Designing for active monitoring¶
Monitoring is not something you add after deployment. It is a design-time decision that determines how quickly you detect new threats and how effectively you respond.
What to monitor¶
| Signal | What it reveals | Design requirement |
|---|---|---|
| Guardrail trigger rates | Attack volume, false positive rates, coverage gaps | Log every trigger with context, not just counts |
| Judge evaluation distributions | Shifts in output quality, emerging policy violations | Track score distributions over time, not just pass/fail |
| Behavioural baselines | Drift from expected interaction patterns | Define baselines during testing, alert on deviation |
| User interaction patterns | Abuse patterns, use case drift, unexpected usage | Capture interaction metadata (not content where privacy applies) |
| Control effectiveness | Whether controls are actually reducing risk | Measure residual risk per the risk assessment methodology |
Designing for reaction to new threats¶
New threats emerge continuously. Your monitoring design must support rapid response:
| Design principle | Implementation |
|---|---|
| Detect before you understand | Anomaly detection on behavioural baselines catches novel threats before you can name them. Do not wait for a signature. |
| Degrade safely | When a new threat is detected but not understood, tighten controls temporarily. PACE resilience defines the degradation path. |
| Update without redeployment | Guardrail rules and judge evaluation criteria should be configurable without a full system redeployment.
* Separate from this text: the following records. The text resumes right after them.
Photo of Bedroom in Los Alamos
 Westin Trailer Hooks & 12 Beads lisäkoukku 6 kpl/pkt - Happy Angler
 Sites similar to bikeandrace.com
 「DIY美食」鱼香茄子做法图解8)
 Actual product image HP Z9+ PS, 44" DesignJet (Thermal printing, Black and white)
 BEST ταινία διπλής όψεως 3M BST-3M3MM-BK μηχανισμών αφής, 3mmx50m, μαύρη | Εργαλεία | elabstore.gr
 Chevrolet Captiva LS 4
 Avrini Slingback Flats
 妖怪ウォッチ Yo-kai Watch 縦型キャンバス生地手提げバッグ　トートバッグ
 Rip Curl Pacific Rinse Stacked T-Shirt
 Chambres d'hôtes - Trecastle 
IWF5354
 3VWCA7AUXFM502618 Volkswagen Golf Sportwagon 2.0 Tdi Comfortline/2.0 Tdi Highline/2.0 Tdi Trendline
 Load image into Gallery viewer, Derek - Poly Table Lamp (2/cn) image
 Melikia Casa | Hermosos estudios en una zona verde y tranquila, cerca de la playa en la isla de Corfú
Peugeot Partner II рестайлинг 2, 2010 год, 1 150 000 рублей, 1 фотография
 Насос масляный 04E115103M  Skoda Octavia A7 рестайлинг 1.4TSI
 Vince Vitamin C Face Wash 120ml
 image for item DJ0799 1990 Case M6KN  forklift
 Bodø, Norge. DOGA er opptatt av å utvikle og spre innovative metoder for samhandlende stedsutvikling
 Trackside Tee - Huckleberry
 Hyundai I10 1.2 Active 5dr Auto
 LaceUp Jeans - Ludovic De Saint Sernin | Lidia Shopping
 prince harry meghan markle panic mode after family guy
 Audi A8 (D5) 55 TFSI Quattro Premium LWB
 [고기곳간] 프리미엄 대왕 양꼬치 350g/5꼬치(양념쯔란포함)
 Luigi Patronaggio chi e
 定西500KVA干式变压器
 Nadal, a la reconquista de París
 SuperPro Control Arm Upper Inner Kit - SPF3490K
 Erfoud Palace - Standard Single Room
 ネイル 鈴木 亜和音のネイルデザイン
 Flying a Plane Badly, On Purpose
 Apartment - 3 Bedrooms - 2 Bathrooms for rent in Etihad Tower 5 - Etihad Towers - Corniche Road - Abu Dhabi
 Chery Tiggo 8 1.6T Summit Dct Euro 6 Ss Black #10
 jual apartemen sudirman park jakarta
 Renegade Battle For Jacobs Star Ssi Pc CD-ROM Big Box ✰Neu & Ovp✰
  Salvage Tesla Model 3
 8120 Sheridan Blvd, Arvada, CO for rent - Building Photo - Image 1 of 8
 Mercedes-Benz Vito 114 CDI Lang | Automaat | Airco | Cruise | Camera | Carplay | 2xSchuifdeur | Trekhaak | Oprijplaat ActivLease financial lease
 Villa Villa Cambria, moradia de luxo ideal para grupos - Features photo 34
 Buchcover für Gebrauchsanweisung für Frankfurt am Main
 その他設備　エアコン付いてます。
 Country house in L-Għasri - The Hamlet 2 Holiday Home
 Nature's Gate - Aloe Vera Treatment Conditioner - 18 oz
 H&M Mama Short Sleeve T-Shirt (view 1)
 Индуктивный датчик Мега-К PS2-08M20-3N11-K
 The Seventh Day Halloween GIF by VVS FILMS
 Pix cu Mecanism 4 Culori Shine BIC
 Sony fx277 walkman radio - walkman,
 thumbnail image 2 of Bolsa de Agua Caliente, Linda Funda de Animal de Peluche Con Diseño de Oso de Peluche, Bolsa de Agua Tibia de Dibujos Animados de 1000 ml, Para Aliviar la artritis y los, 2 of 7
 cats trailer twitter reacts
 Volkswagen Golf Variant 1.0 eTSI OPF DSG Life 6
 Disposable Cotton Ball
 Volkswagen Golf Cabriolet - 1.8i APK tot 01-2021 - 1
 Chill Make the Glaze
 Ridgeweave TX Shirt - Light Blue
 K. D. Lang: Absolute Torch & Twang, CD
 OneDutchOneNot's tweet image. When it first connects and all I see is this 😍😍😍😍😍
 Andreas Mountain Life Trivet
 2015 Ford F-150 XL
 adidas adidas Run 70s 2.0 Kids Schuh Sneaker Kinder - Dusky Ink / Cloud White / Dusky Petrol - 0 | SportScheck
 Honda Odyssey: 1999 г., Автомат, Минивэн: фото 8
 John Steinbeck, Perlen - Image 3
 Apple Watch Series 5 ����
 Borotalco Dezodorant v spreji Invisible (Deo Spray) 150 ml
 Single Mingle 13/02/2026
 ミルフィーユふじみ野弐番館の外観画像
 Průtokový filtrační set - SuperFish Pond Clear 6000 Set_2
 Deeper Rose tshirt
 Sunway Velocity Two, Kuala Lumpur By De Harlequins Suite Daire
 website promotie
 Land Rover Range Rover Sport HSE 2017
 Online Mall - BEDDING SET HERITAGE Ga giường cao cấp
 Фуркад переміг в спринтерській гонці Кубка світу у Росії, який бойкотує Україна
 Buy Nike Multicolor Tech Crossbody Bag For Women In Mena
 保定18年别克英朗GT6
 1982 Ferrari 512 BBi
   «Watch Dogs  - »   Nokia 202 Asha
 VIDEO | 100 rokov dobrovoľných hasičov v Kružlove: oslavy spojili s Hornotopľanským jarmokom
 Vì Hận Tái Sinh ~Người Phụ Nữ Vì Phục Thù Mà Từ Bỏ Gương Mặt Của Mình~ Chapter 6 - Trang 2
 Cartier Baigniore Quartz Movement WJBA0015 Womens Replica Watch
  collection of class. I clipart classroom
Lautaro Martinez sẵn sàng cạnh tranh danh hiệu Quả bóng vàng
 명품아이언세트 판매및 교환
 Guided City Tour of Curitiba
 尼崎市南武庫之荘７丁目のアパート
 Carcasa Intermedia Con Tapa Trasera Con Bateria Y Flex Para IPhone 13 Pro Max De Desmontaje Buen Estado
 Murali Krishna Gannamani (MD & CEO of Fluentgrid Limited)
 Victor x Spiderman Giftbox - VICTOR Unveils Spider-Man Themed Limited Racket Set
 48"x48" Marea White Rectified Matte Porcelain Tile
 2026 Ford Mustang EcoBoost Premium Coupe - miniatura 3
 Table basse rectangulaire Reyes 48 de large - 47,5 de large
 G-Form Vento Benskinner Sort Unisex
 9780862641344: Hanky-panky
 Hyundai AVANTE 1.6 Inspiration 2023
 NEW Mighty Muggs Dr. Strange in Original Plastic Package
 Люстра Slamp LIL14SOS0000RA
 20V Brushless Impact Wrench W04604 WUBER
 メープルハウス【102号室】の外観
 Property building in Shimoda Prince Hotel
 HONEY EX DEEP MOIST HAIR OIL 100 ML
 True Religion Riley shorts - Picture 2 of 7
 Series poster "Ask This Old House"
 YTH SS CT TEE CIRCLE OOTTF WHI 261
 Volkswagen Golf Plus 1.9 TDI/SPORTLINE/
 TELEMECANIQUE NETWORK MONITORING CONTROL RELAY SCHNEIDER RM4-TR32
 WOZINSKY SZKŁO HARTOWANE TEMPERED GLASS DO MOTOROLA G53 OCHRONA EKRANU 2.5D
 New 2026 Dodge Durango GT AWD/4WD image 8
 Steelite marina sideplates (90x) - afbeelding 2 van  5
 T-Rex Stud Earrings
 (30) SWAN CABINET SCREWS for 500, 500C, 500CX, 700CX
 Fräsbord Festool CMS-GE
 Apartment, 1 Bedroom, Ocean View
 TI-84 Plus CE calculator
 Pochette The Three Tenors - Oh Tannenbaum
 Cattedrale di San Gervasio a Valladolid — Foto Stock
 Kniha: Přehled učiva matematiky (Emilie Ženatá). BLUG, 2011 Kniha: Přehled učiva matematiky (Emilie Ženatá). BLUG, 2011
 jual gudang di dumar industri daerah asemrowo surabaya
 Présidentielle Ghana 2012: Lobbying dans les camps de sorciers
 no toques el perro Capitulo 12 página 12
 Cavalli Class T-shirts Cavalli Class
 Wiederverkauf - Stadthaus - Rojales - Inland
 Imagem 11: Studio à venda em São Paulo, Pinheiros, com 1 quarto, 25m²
Design for hot-update capability. |
| Feed back into design | New threats discovered in production must feed back into the threat model, guardrail rules, and judge criteria. This is the feedback loop in the SDLC. |
| Share threat intelligence | Consume threat intelligence feeds relevant to AI systems. New attack techniques published in research or observed in the wild should trigger a control review. |
Monitoring architecture decisions¶
| Decision | Options | Guidance |
|---|---|---|
| Where to process signals | Edge (in the application), centralised (SIEM/SOC), or both | Process latency-sensitive signals at the edge; aggregate for trend analysis centrally |
| Retention | Varies by tier and regulation | Follow the observability requirements defined during production readiness |
| Alerting thresholds | Static thresholds vs dynamic baselines | Static for known-bad (guardrail bypass attempts); dynamic for behavioural drift |
| Correlation | Isolated signals vs correlated analysis | Correlate guardrail triggers, judge findings, and user patterns to identify coordinated attacks |
Putting it together¶
The design-time checklist for runtime controls:
- Threat model completed with behavioural threats mapped to controls
- Guardrails selected based on threat coverage, latency budget, and platform alignment
- Judge model family chosen (different from generator) with deployment pattern defined
- Judge evaluation criteria documented with scoring rubric
- Intended outcomes, behavioural expectations, and intent taxonomy defined
- Precedent consumption process designed and connected to SDLC
- Monitoring signals identified with baselines defined
- Reaction playbook for new threats documented
- Control depth matched to risk tier
- All decisions documented for runtime handoff
This is not a one-time exercise. Every model update, scope change, or incident triggers a review of these decisions. The AI-Aware SDLC defines the cadence.